Apatrides sur leur propre terre, les Autochtones souffrent des mêmes chagrins qu’ils avaient connus au début du joug colonial : l’oppression perdure dans le temps, détruisant les valeurs, annihilant les volontés réduisant les voix au silence, annulant les personnalités implantant la domination, car

« La mise en place du régime colonial n’entraîne pas pour autant la mort de la culture autochtone. Il ressort au contraire de l’observation historique que le but recherché est davantage une agonie continue qu’une disparition totale de la culture préexistante. Cette culture, autrefois vivante et ouverte sur l’avenir, se ferme, figée dans le statut colonial, prise dans le carcan de l’oppression. À la fois présente et momifiée, elle atteste contre ses membres. Elle les définit en effet sans appel. La momification culturelle entraîne une momification de la pensée individuelle. L’apathie si universellement signalée des peuples coloniaux n’est que la conséquence logique de cette opération. Le reproche de l’inertie constamment adressé à l’indigène est le comble de la mauvaise foi. Comme s’il était possible à un homme d’évoluer autrement que dans le cadre d’une culture qui le reconnaît et qu’il décide d’assumer » (Fanon, 1983, p. 18)

Retrouvant la raison de vivre, ayant maintenant pour objectif de libérer son peuple, Ashini va entreprendre un nouveau voyage au cours duquel il retrouve ses frères de race, représentés par Pikal et Tiernish. Le regard du lecteur est amené à se fixer sur ces figures qui ont renoncé à leurs traditions et ont accepté la réserve autochtone:

« Aux Betsiamits j’ai cherché et trouvé Pikal. Le maigre, porteur d’amertume, le visage hâve, le regard qui n’a point reconnu les choses belles. Il m’accueillit dans sa maison, car il possédait maison maintenant, comme le plus ordinaire de tous les Blancs. Une bâtisse sans joie, coiffée en pignon, misérable et terne. Le seuil de porte était rongé par mille passages, usure de trente ans d’âge. Combien qui eussent foulé fièrement le sol libre, plutôt que ce bois indigne, emblème d’asservissement? Quiconque passait volontiers cette porte n’entrait-il pas dans une prison organisée par les Blancs ? » Thériault, 1988, pp: 43-44) « Vous voyez celui-là ? Il est sensé, il est intelligent. Il ne reste pas à vivre misérablement dans le bois. Il vient ici où les Blancs seront bons pour lui. Allez, petits, apprenez le français, oubliez votre langue, méprisez la forêt, on vous offre le paradis sur terre. On vous offre, c’est inouï, de faire de vous des Blancs ! N’est-ce pas le comble de l’entendement et de la générosité ? » (Thériault, 1988, pp : 25)

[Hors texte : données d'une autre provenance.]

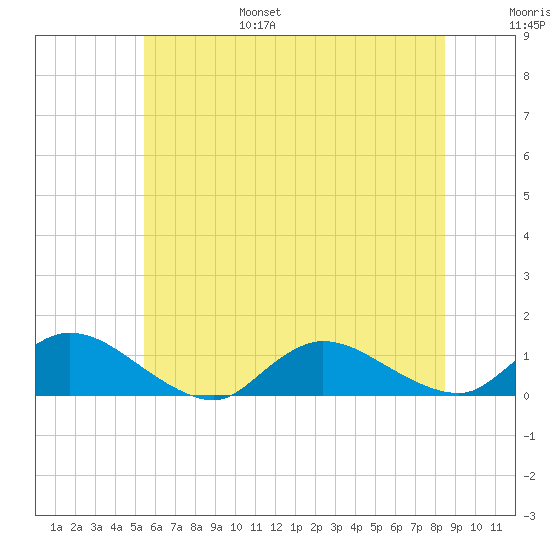 Amityville tide chart for Friday, July 7, 2023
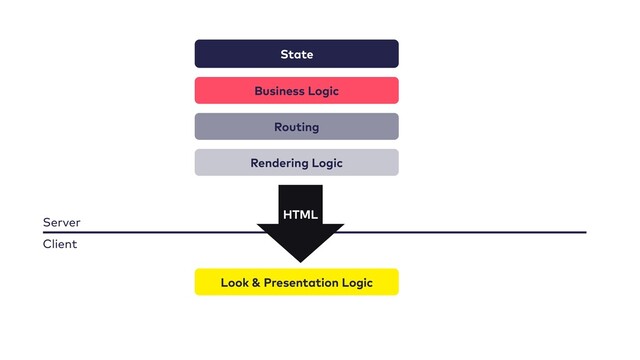 State
Business Logic
Routing
Rendering Logic
Look & Presentation Logic
Server
Client
HTML
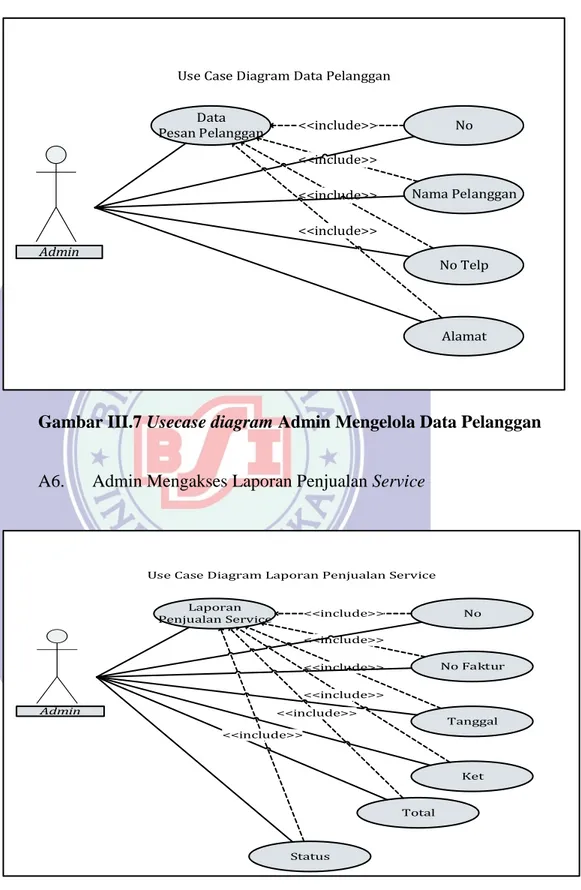 Gambar III.7 Usecase diagram Admin Mengelola Data Pelanggan 
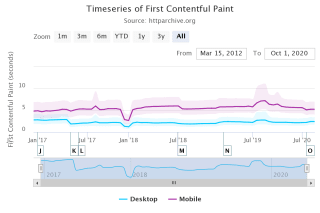 Evolution of the First Contentful Paint metric from January 2017 to August 2020, measured in Mobile and Desktop contexts.In both cases, fluctuations are present and often correlated between the two contexts, but overall, the average value shows little variation or even deterioration.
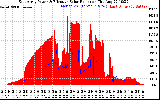 Solar PV/Inverter Performance East Array Power Output & Effective Solar Radiation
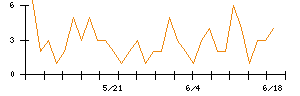 デクセリアルズのシグナル検出数推移
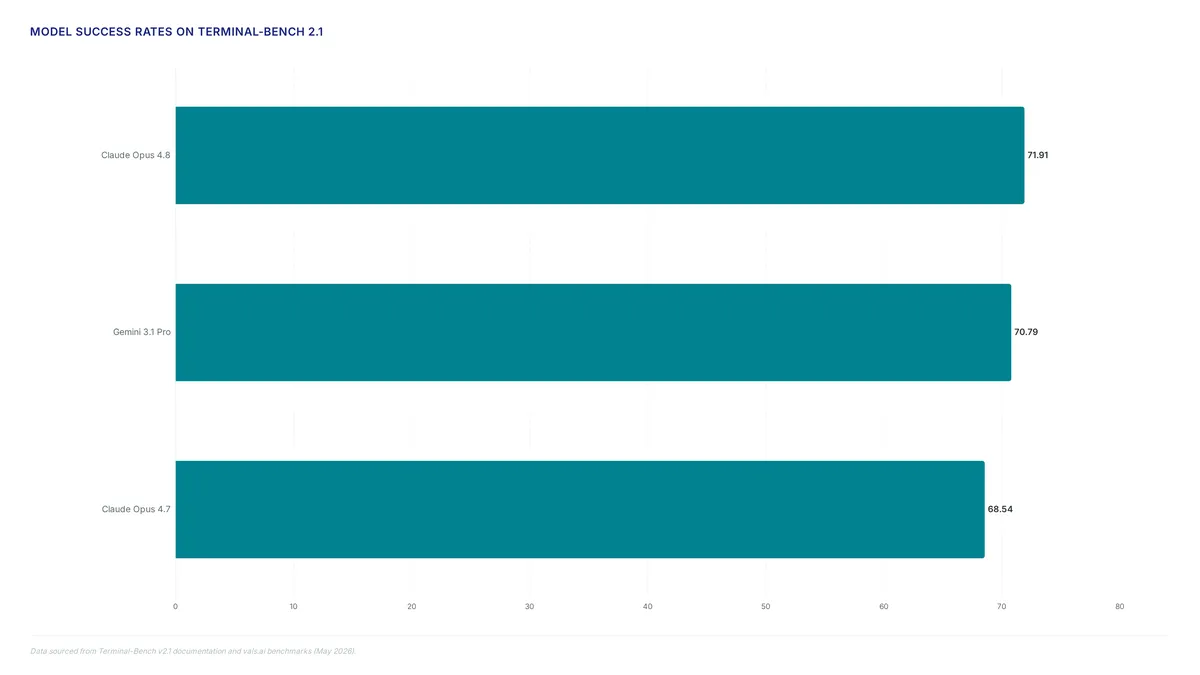 TerminalBench v2.1: 89 Tasks for Real Agent Mastery
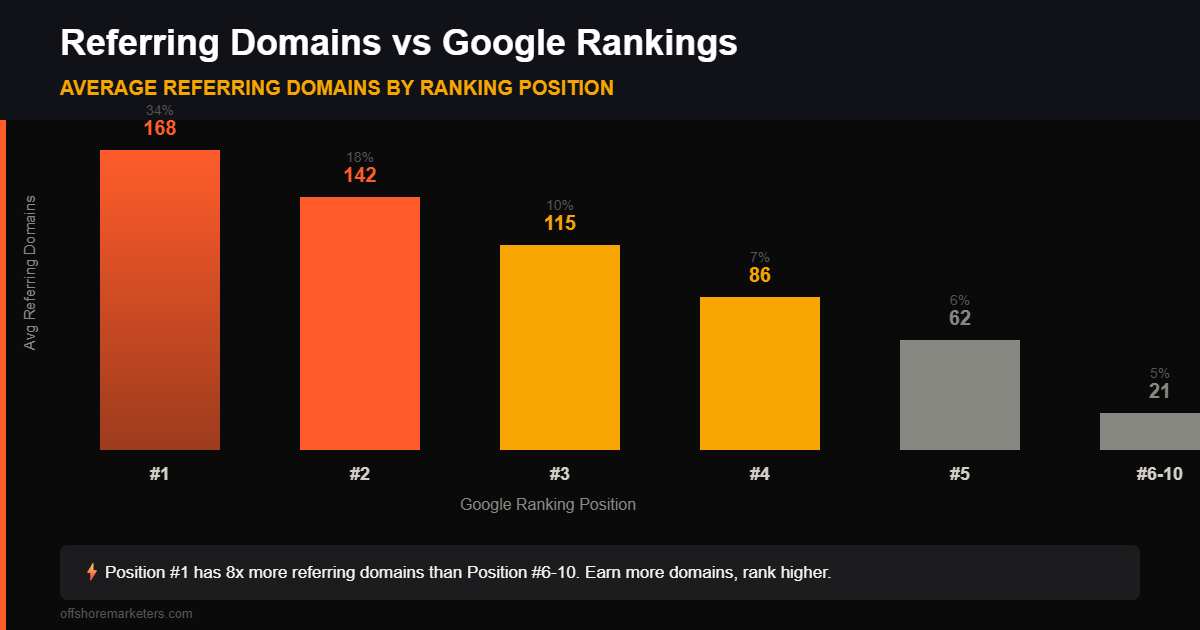 Referring domains vs Google rankings chart showing position #1 averages 168 referring domains capturing 34% of clicks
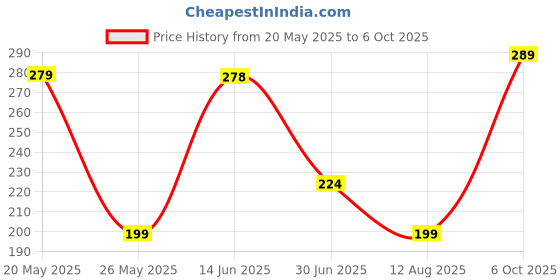 amazon.in ESCAPER Sikh Calendar 2025 Desk, Sikhism Calendar 2025, Sikh Guru Photos Calendar 2025, Guru Nanak Photo Calendar, Guru Govind Singh Calendar 2025, Sikh God Photo Calendar (Sikh Gurus, 1 Qty) Price History Graph from 20 May 2025 to 6 Oct 2025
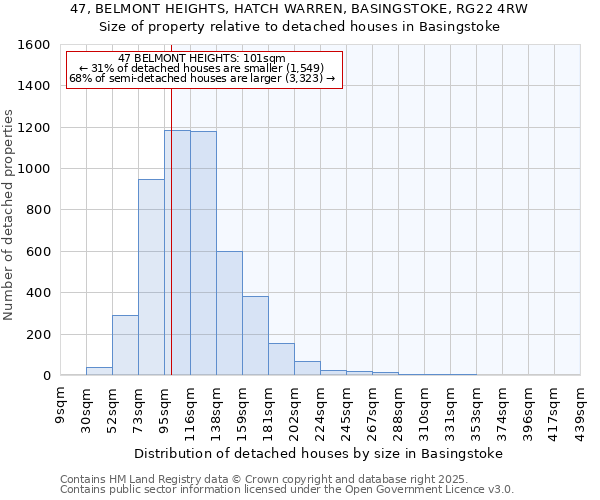 47, BELMONT HEIGHTS, HATCH WARREN, BASINGSTOKE, RG22 4RW: Size of property relative to detached houses houses in Basingstoke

Attirés par les promesses de l’homme blanc, les Montagnais ont abandonné leur culture, ont déserté les forêts et les champs de leur présence et ont accouru dans les réverses. Il en résulte que la réserve est un espace intermédiaire entre les cultures blanche et amérindienne, devenant un espace de confinement par sa délimitation géographique arbitraire dont toute modification est interdite.

Dans le récit, cet interstice géographique et social est considéré comme malsain et il provoque la révolte du protagoniste. Son indignation vient lorsqu’il comprend comment toute une politique de persuasion a été appliquée rendant possible l’arrêt de la résistance puis l’acceptation de l’acculturation d’une partie du peuple autochtone, et cela même sans l’usage des armes conventionnelles mais en utilisant des ressources ayant des pouvoirs aussi dévastateurs.

« Il est toutefois des armes des Blancs qui sont pires que les fusils. On se défend d’un fusil. On s’évade des chaînes des maillons d’acier. On peut répondre à la force par la force. Que peut-on faire quand des mots sont prononcés, armes en eux-mêmes, promesses, assurances, images que l’on fait miroiter ? Vous aurez des maisons, des rues. Vous élirez un conseil de tribu et vous vous gouvernerez. L’on vous concèdera un territoire sur lequel chasser à votre guise et qui sera interdit aux Blancs. Vous serez vos maîtres et vous ne souffrirez de rien, pourvu que vous acceptiez de signer ici, au bas de ce traité d’entente ». (Thériault, 1988, pp : 44)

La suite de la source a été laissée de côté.